I remember being acutely aware of the fact that I wasn't going to rush this trip. This road was dangerous in these conditions. This picture shows the road as it was; semi-snow covered, but pretty much empty:
Heed the warnings...
About a minute after I took that picture, the strangest thing happened. I felt the rear wheels slip, ever so slightly, so I took my foot off the gas. I guess it was a tad too late, though, because the back of the truck continued around to the left until the truck was perpendicular to the travel lanes.
 
And I was doing 40 mph at the time.
 
This was, I surmised, bad. Sooner or later, the truck would stop. I just didn't know how badly it would hurt when it did. I couldn't even bail out of the truck, because the driver's side was leading the way down the road; I'd have been run over if I jumped. I decided that, if it really came down to it, I could pull a Bruce Willis move, crawl out the driver's side window and across the roof of the truck and bail out on the passenger side. That would look cool, of course, but there would be no way of getting it on film, and my truck would still be wrecked somewhere down the road.
 
No, this was the proverbial rock on one side and the hard place on the other. I was going to be in this truck when it wrecked, and it was gonna' suck.
 
I remember having, really, only two thoughts, and I remember having those two thoughts almost simultaneously.
 
First, seeing as I was sliding down the snow-covered highway sideways, I realized how fortunate I was that this was Christmas day and, as you might expect, there was no one else on the road. It was unlikely I would hit anyone on the way to wherever it was my truck was going to crash.
 
I also realized, again, almost simultaneously, how unfortunate I was that this was Christmas day and, as you might expect, there was no one else on the road. When the truck wrecked (and, mind you, it was going to wreck), there would be no help coming along anytime soon. I'd be down in some snow covered ravine somewhere in the wilds of Oregon. I had a blanket, a little bit of water, a granola bar and clean, dry clothes, but I really doubt those would've carried me through to the Spring. Also, there was nothing that even mildly resembled a cell signal on the mountain. My cell phone was useless.
 
All of those thoughts raced through my head as I continued down the highway, watching the majestic snow-covered pines whisk by the hood of the Explorer. We'd had happier times, this Explorer and me. And it was all about to end.
 
I'm not entirely sure what caused it, but I like to think the fact I'd turned into the slide helped. All of a sudden, the back of the truck began to slide to the right, back to where it needed to be. Once it was pointed down the road, it stopped sliding.
 
I managed to pull over into a snow-laden turnout. I wasn't really concerned with whether or not my non-chain-wearin', non-traction tire havin' truck would get out of that turnout. All I knew is that I wanted the truck stopped, and I wanted to get out of it. Now, I haven't had a cigarette in almost a year but, to be totally honest, if there had been some in the truck that day, I'd have fired one up to calm my nerves. I hadn't been that scared in a long time, and I needed to decompress a little.
 
I got back into the driver's seat and left the turnout without so much as a single tire spin. I was pulling into my driveway about an hour later, thankful that the trip got about as eventful as it need to be to remind me that I need to learn new rules up here, because this wilderness, while beautiful, can also be treacherous and threatening.
 
I never want to do that again...
 
 
 
 
 

Tuesday, December 25, 2012

The Coast - Day 2

It was with more than a passing degree of interest that I watched the news last night, specifically the weather report. I really didn't want a repeat of the bad weather, although I would've dealt with it. The weather report, much to my surprise, was favorable. They described it by saying "It should be dry tomorrow". Hey, "dry" I would take. Dry would be good, and a definite improvement over what I'd seen so far.
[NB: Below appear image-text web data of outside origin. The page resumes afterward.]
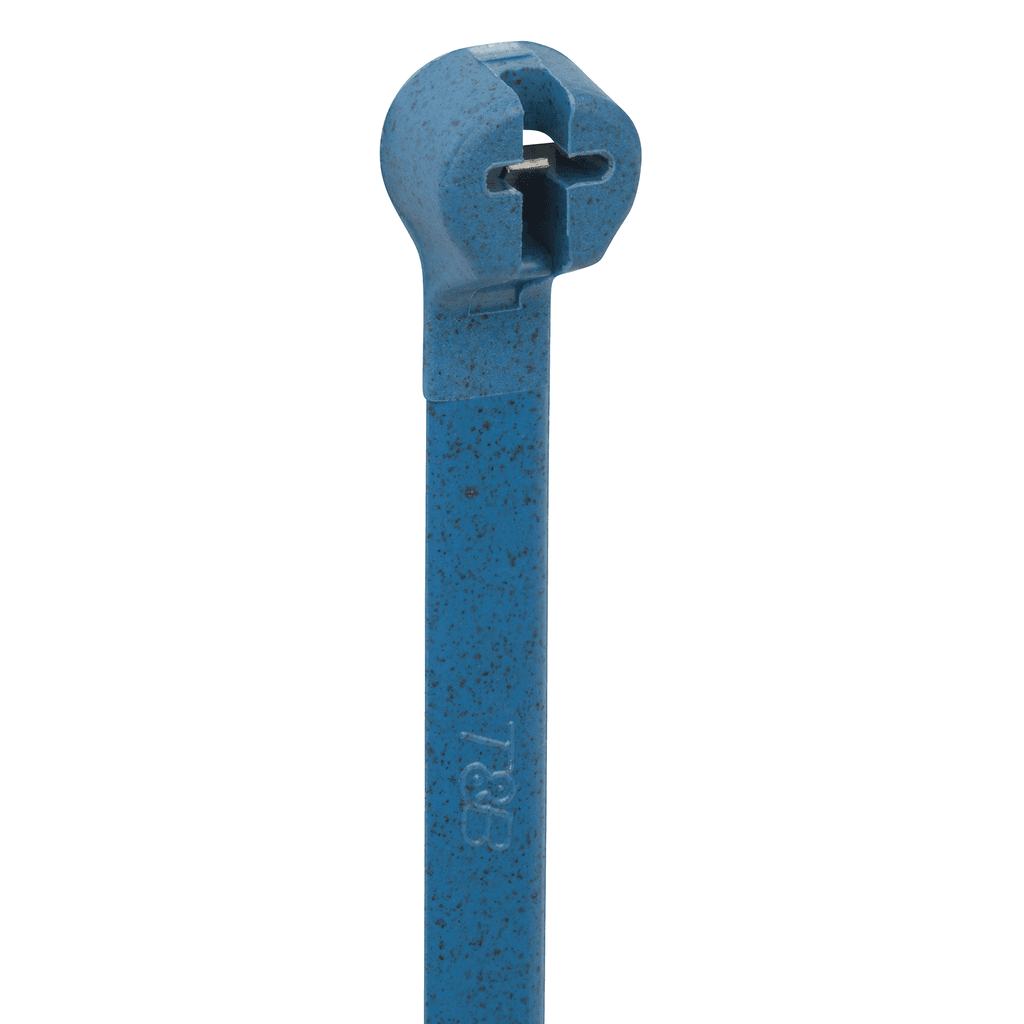 ABB Control TY523MNDT TY523MNDT ABB Control - Detectable Cable Tie, Bright Blue Polyamide (Nylon 6.6) for Temperatures up to 85 Degrees Celsius (185 F) for Indoor Applications, Length of 87.3mm (3.437 Inches), Width of 2.34mm (0.092 Inch), Thickness of 0.91mm (0.036 Inch), Maximum Bundle Diameter 15.88mm (0.625 Inch), Tensile Strength Rating of 80 Newtons (18 Pounds) TY523MNDT on Powermatic Associates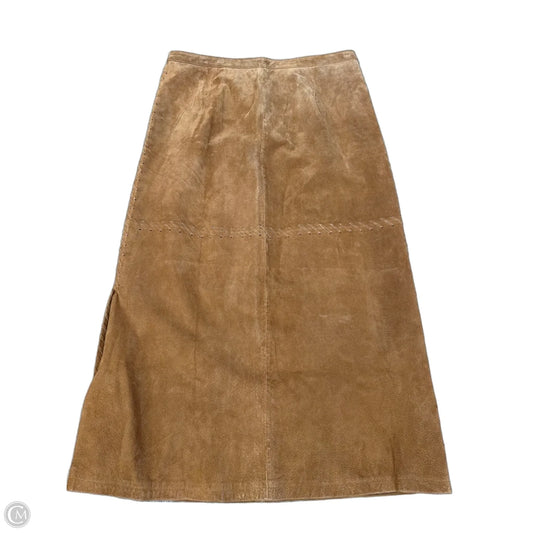 Skirt Maxi By Ruff Hewn In Brown, Size: Xl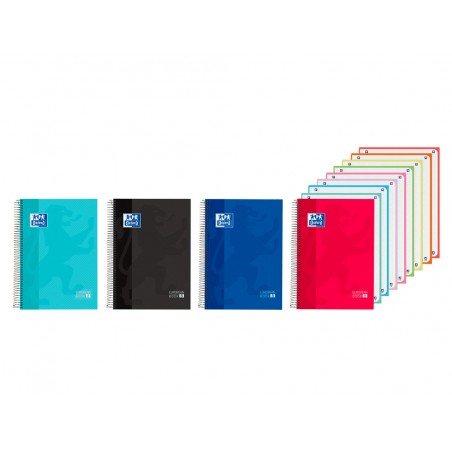 Cuaderno espiral oxford europeanbook 8 tapa extradura din a4 160 hojas cuadro 5 mm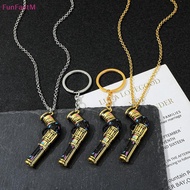 [FunFactM] Arcane Jinx  Metal Keychain League Of Legends Model Keyring Collectible Metal Keychain [N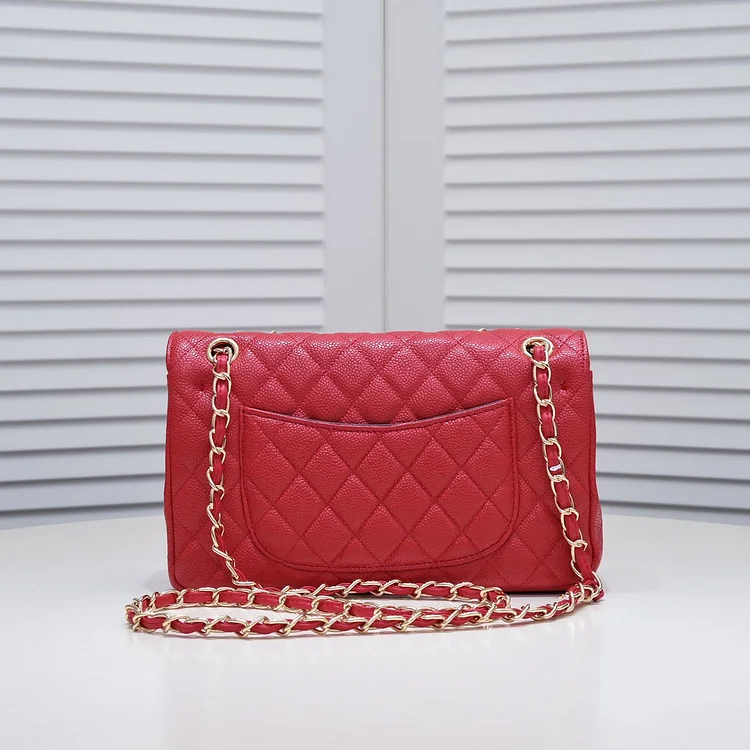 CC CF2.55 caviar leather bag 8 COLORS size: 25.5*16*6.5cm - Image 16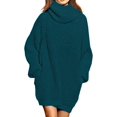 thumbnail image 1 of LAICAIW Robe Chandail Longue Ample à Col Roulé Oversize pour Femmes, 1 of 7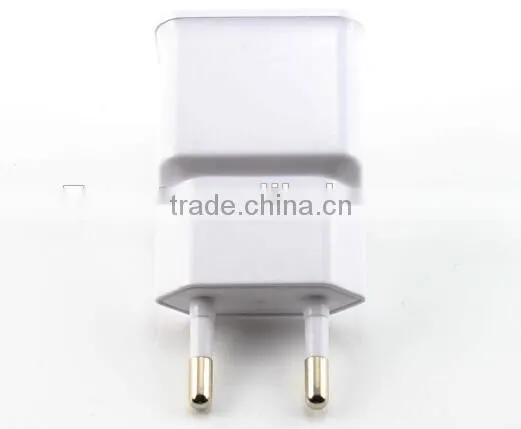 5V/2A EU Plug Dual USB Wall Charger Mobile Travel Charger for Samsung/iPhone/iPad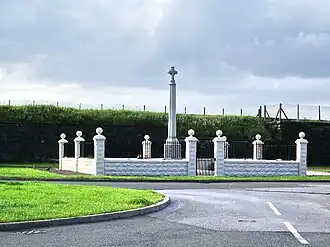 Oorlogsmonument in Parton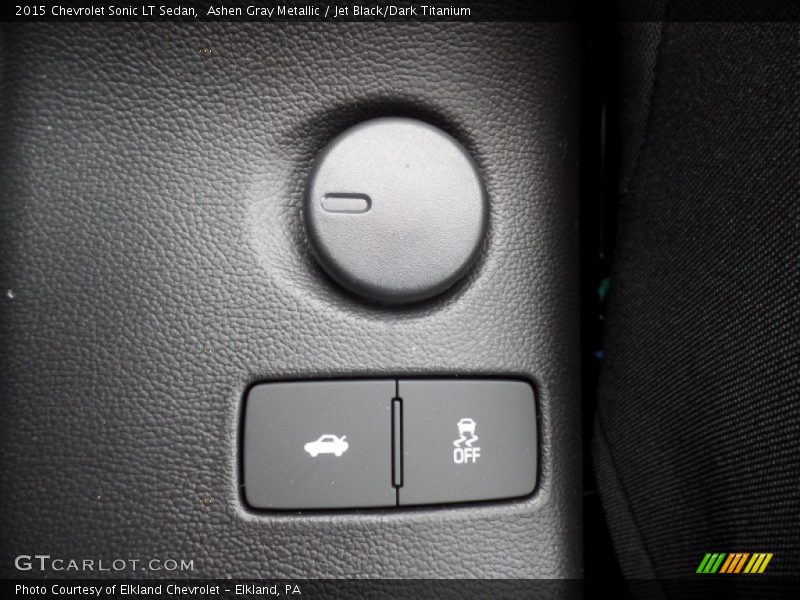 Ashen Gray Metallic / Jet Black/Dark Titanium 2015 Chevrolet Sonic LT Sedan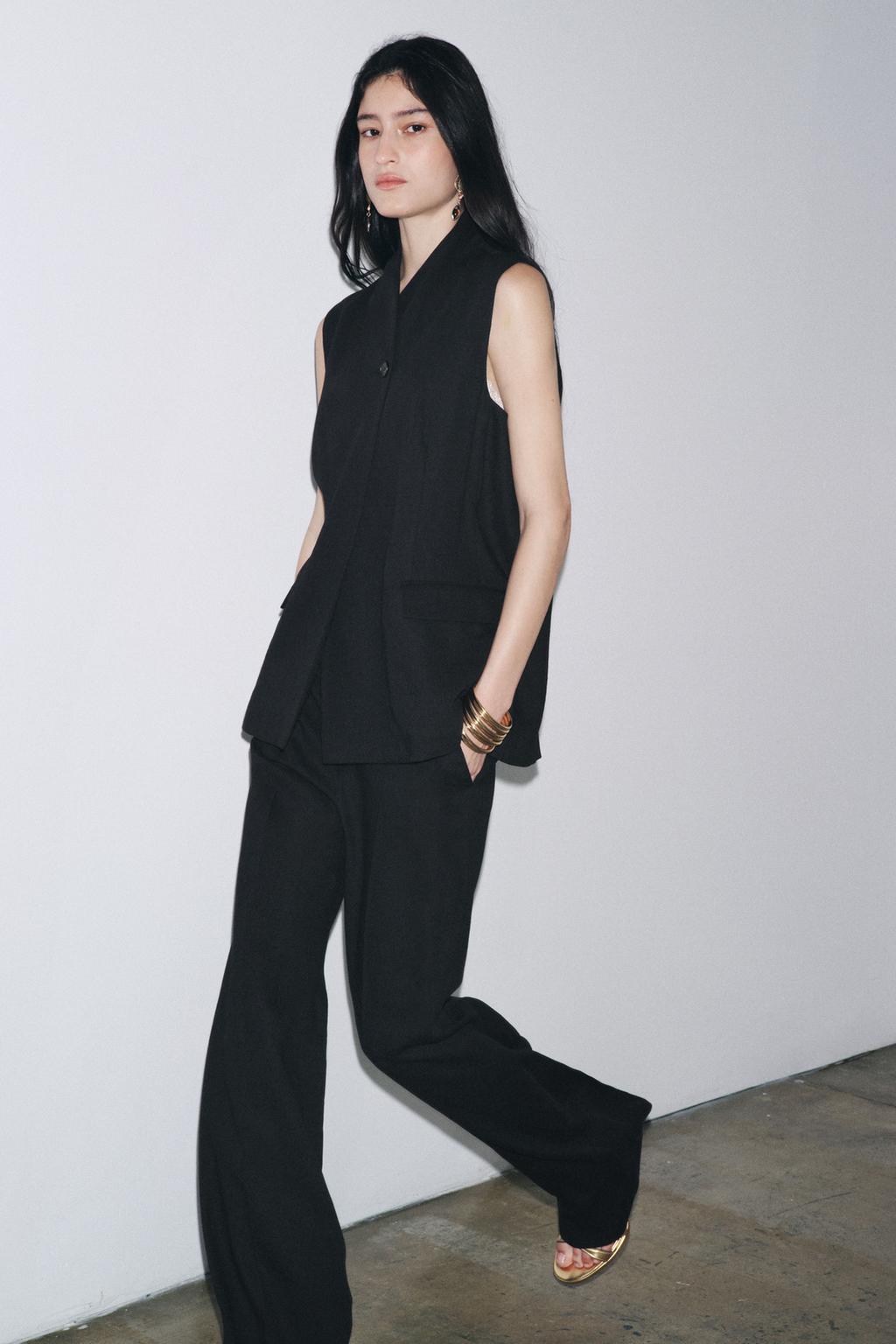 PANTALON MÉLANGE LIN BOUCLE ZW COLLECTION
Now, before I get too far into this, I should point something out. This is going to be my first Christmas that I'm celebrating alone. Now, I'm fine with that; I knew it would happen if I came to Oregon and, well, I was right. I figured, therefore, that if I'm going to spend the holiday by myself, I would spend it doing something I love. So, Christmas would be mine alone; only to be spent with this guy (browse back through November's entries to figure this one out):

The Inukshuk hanging from my rear view mirror...

So, I loaded up my backpack, and I was loaded for bear. I had the 5D and the 40D for this trip, I had the Sigma 50-500mm. There was nothing that was going to get in my way of getting the best shots I possibly could. I would shoot straight, and I would shoot HDR. I was going to shoot anything and everything, I surmised, so I'd better be prepared.

As it was, I never pulled out the 40D. The 5D proved to be the workhorse today. I should probably start worrying about shutter count on this thing. Today, alone, I shot 810 frames. It's not going to be long before I get to pay a couple of hundred bucks for a shutter replacement (which will be completely worth it, by the way).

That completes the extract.